Establishing a Syndicate

Acquisition Process

1. Sourcing Properties

The Fawkner Property Investment Committee establishes an investment strategy and Fawkner Property directors use their established networks to source potential properties that are compatible with the Fawkner Property investment strategy.

2. Preliminary due diligence

Three-quarters of a property investment outcome is determined in the purchase phase. Financial modelling is completed on properties that meet the investment criteria. A full profit and loss statement, balance sheet and cash flow statement is generated for each year of the full term of the potential syndicate. Sensitivity analysis is used to quantify interest rate risk, tenancy risk and market risk. The bank is approached to ensure that there is nothing of concern about the property as security for a loan.

3. Expression of Interest

A written expression of interest is lodged with the vendor, including specifying any special conditions needed to address issues arising from the preliminary due diligence. The expression of interest is subject to satisfactory detailed due diligence.

4. Detailed Due Diligence

The Fawkner Property Due Diligence Checklist can be viewed here.
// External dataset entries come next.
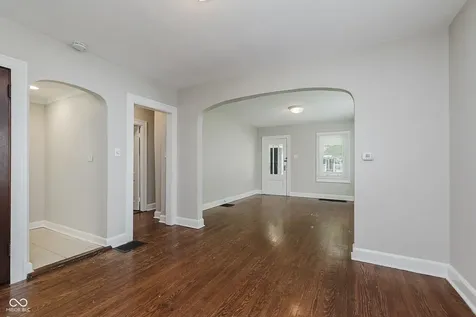 6222 Kingsley Drive Indianapolis IN 46220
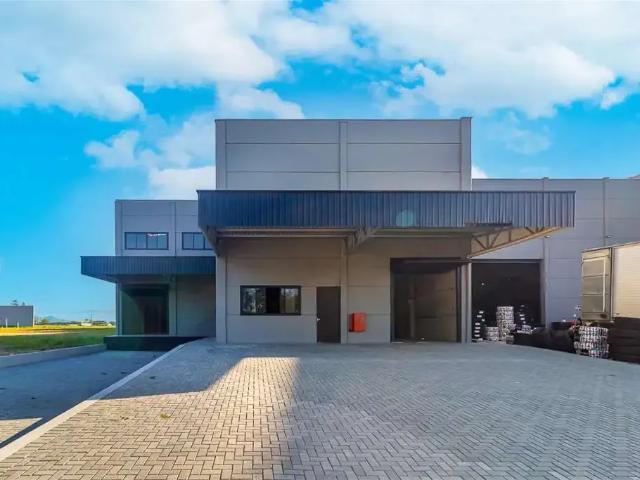 Galpão venda em Região Geográfica Imediata de Itajaí, Porto Belo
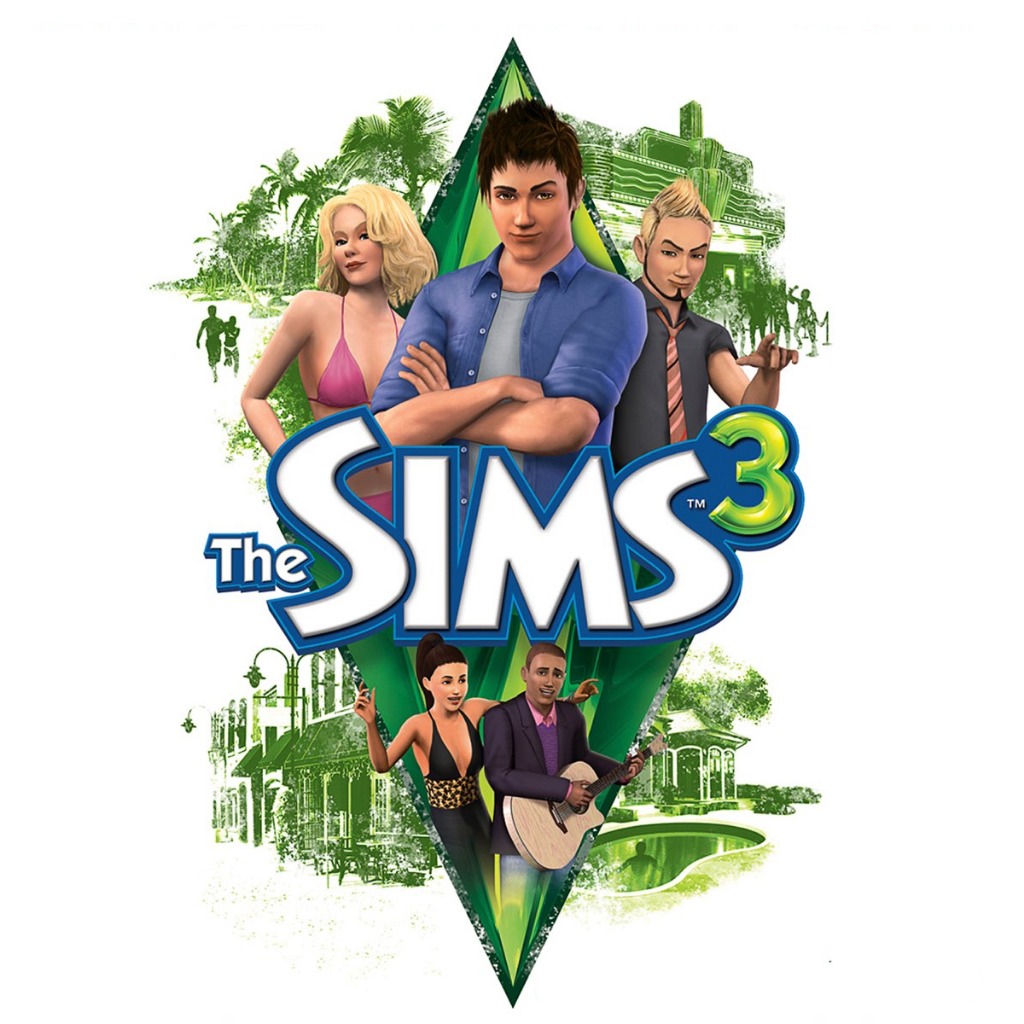     The Sims 4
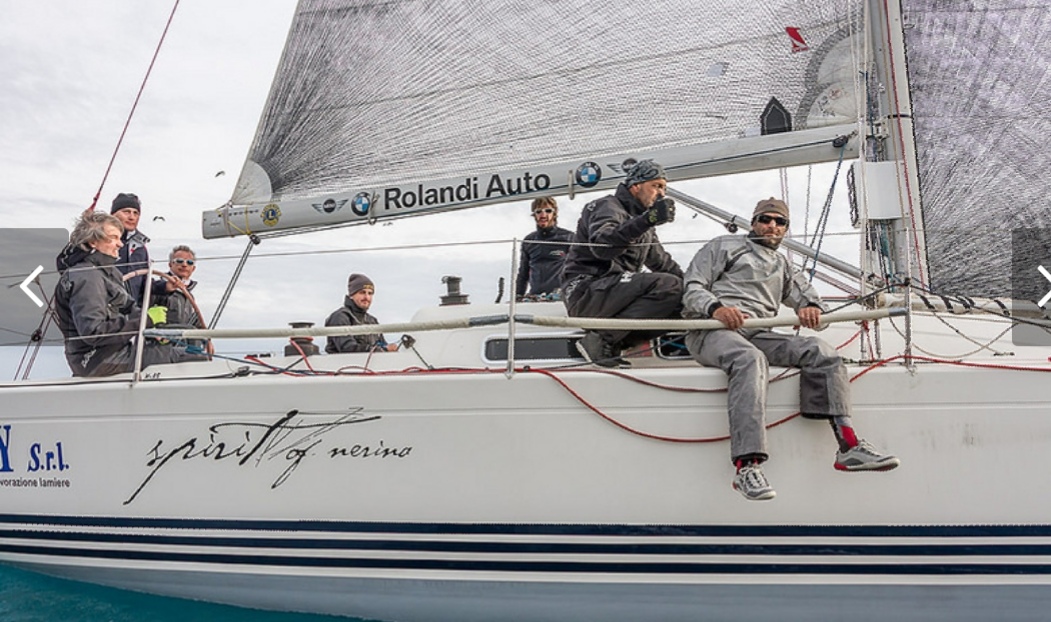 Vela: sabato ultima regata del Campionato Invernale per Spirit of Nerina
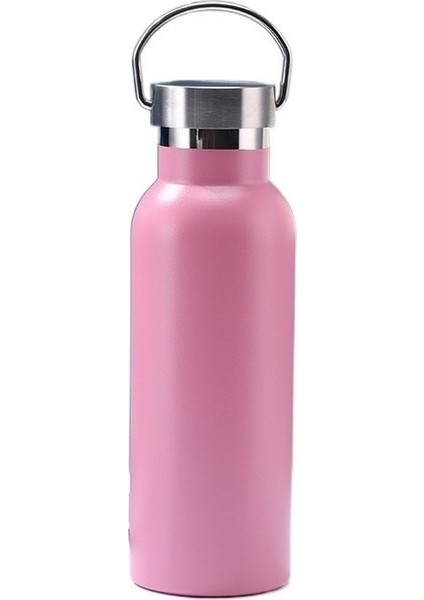 Taşınabilir Paslanmaz Çelik Çift Katmanlı Yalıtımlı Spor Su Şişesi (Yurt Dışından) fiyatları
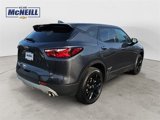 Used 2021 Chevrolet Blazer LT w/ LPO, Black Accent Package image 5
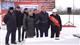 АО "Транснефть - Приволга" приняло участие в закладке капсулы на месте будущего физкультурно-оздоровительного комплекса в Самарской области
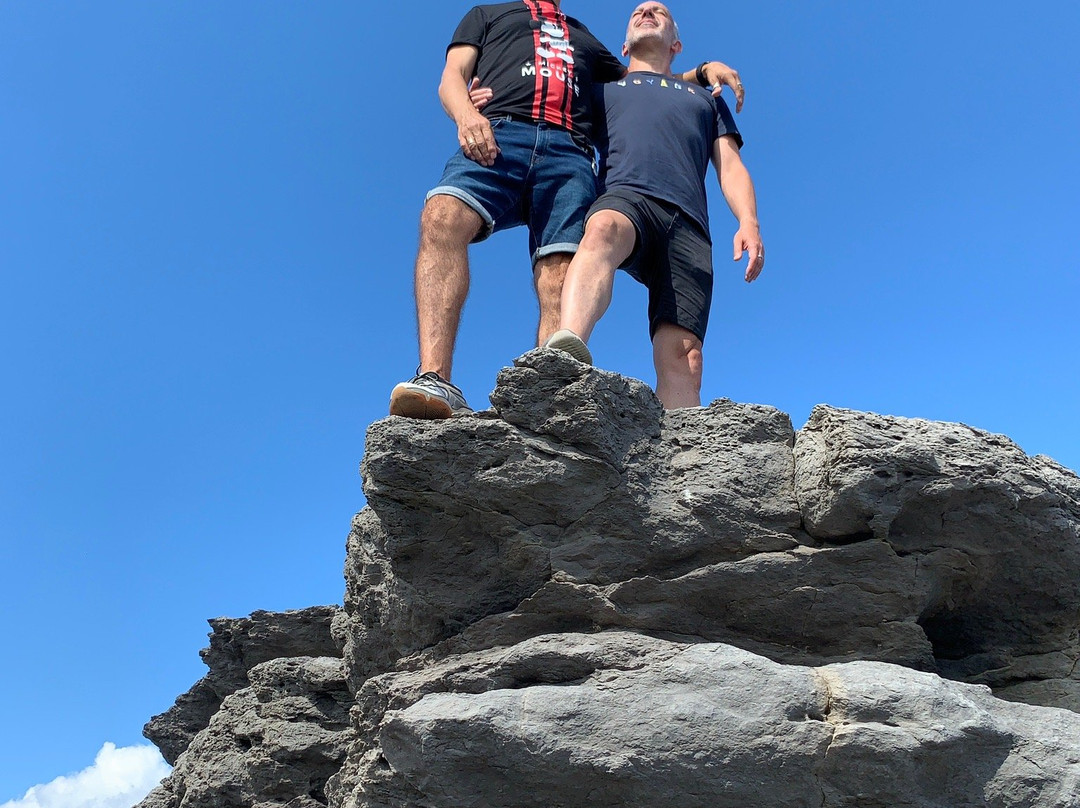 Playa De Sonabia, Punta Ballena-Castro Urdiales必去景点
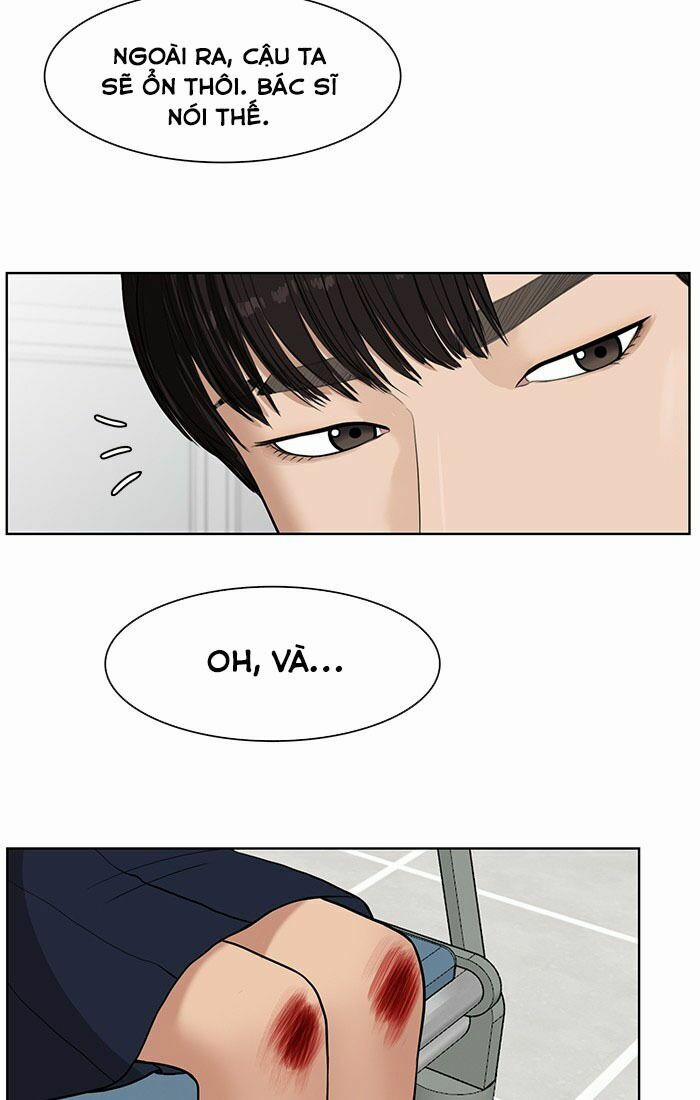 Nữ Thần Giáng Thế 34 trang 47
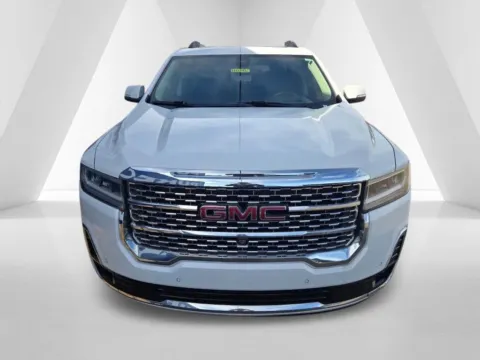 Photos of 2022 GMC Acadia Denali for sale in Grayson, KY at Pure Country Automotive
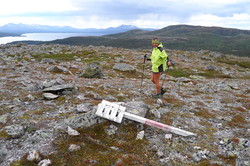 Stenvikstøten sørvest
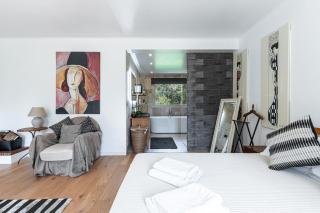 Private & comfortable stone villa with pool - 5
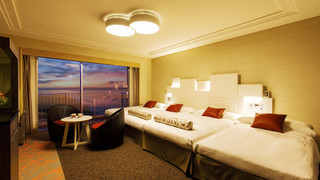 イーストウィング ツインA 禁煙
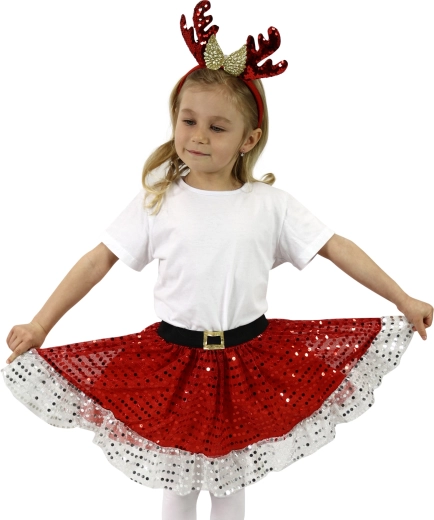 Elegantiškas TUTU sijonas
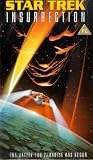 Star Trek 9 : Insurrection [1999]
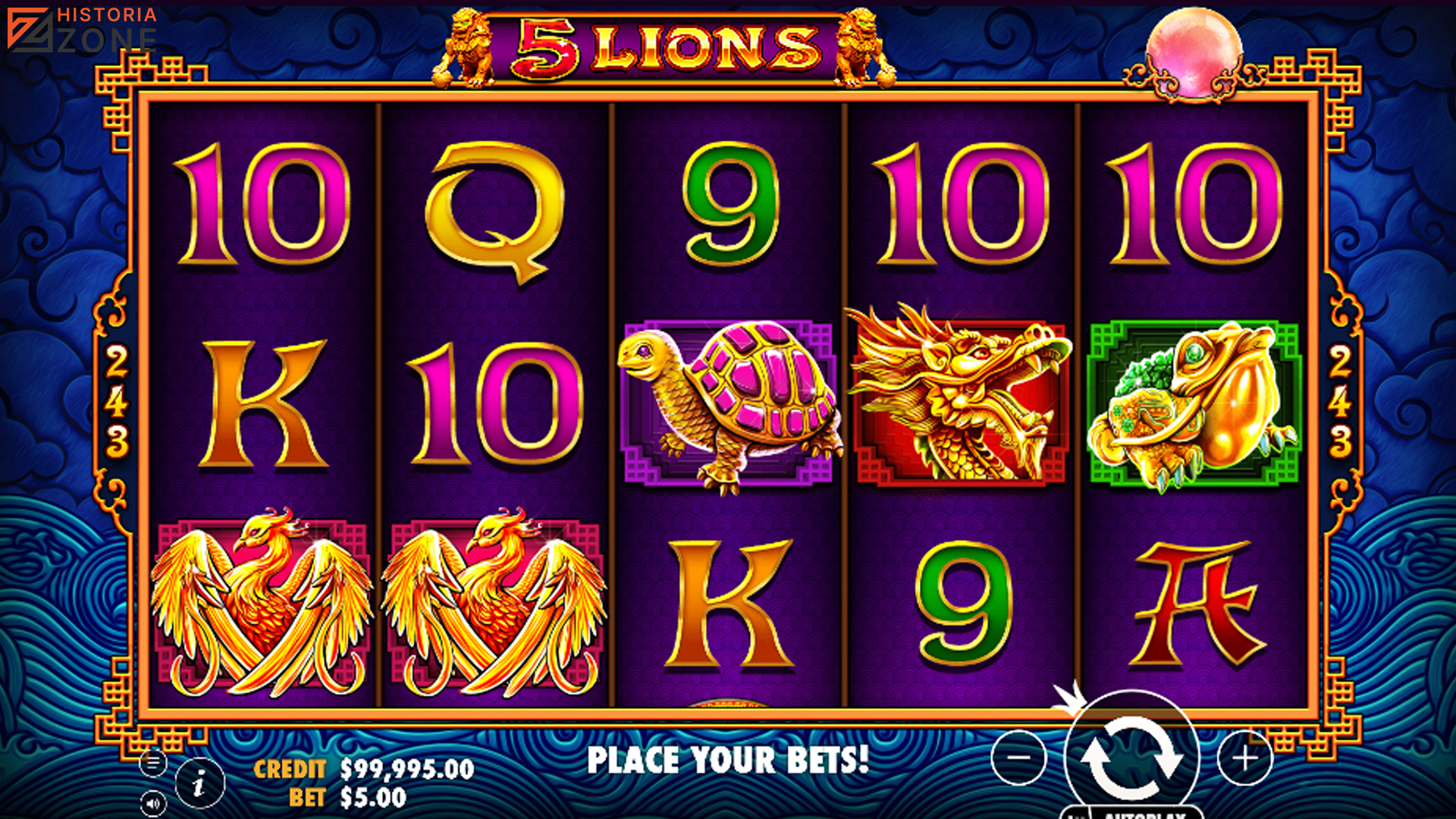 Ccnnslot Hadirkan 5 Lions dan 4 Ledakan Mega Bom Sekaligus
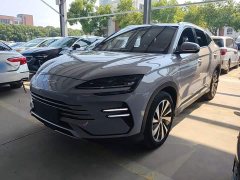 BYD Song Plus New Energy Glory Edition DM-i 110km Flagship Plus - ფოტო 2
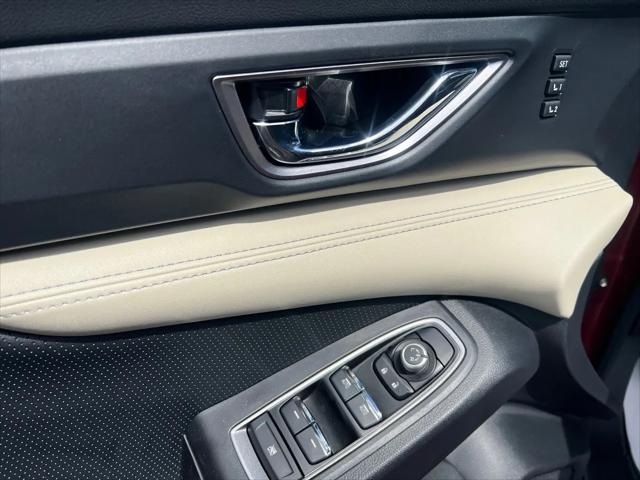 2022 Subaru Ascent Limited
The due diligence process:

  • aims to discover latent defects in the property and evaluate compliance with statutory codes.
  • quantifies capital expenditure and maintenance requirements;
  • assesses the quality of management of the property, including compliance with leases and statutory requirements;
  • provides information for management of the property and disclosure to investors;
  • establishes the title to the property and the legal basis of tenancies, including survey and retail lease compliance;
  • establishes a sound basis for claiming tax deductions for capital allowances.

5. Conditional Contract

If the expression of interest meets with vendor approval and due diligence is satisfactory, a contract is entered into by the newly established unit trust, subject to any conditions arising from due diligence.

6. Information Memorandum

An Information Memorandum is compiled to communicate the benefits and risks of investment in the property Syndicate to investors. The Information Memorandum contains all the information that a wholesale investor would reasonably require to make a decision about investing in the Syndicate. Funds raised from investors are held in a special interest-bearing trust account until all contract conditions are fulfilled.

7. Settlement

After special conditions are met, the Syndicate purchases the property, using investors’ funds and bank finance. Units are issued to investors and the Syndicate commences.

8. Reporting

Sometimes it is in the best interests of investors to keep matters confidential, such as sensitive tenant negotiations, but, in general, investors are kept fully informed through quarterly information circulars. Annual financial statements are reviewed by an independent accountant and made available to investors upon request.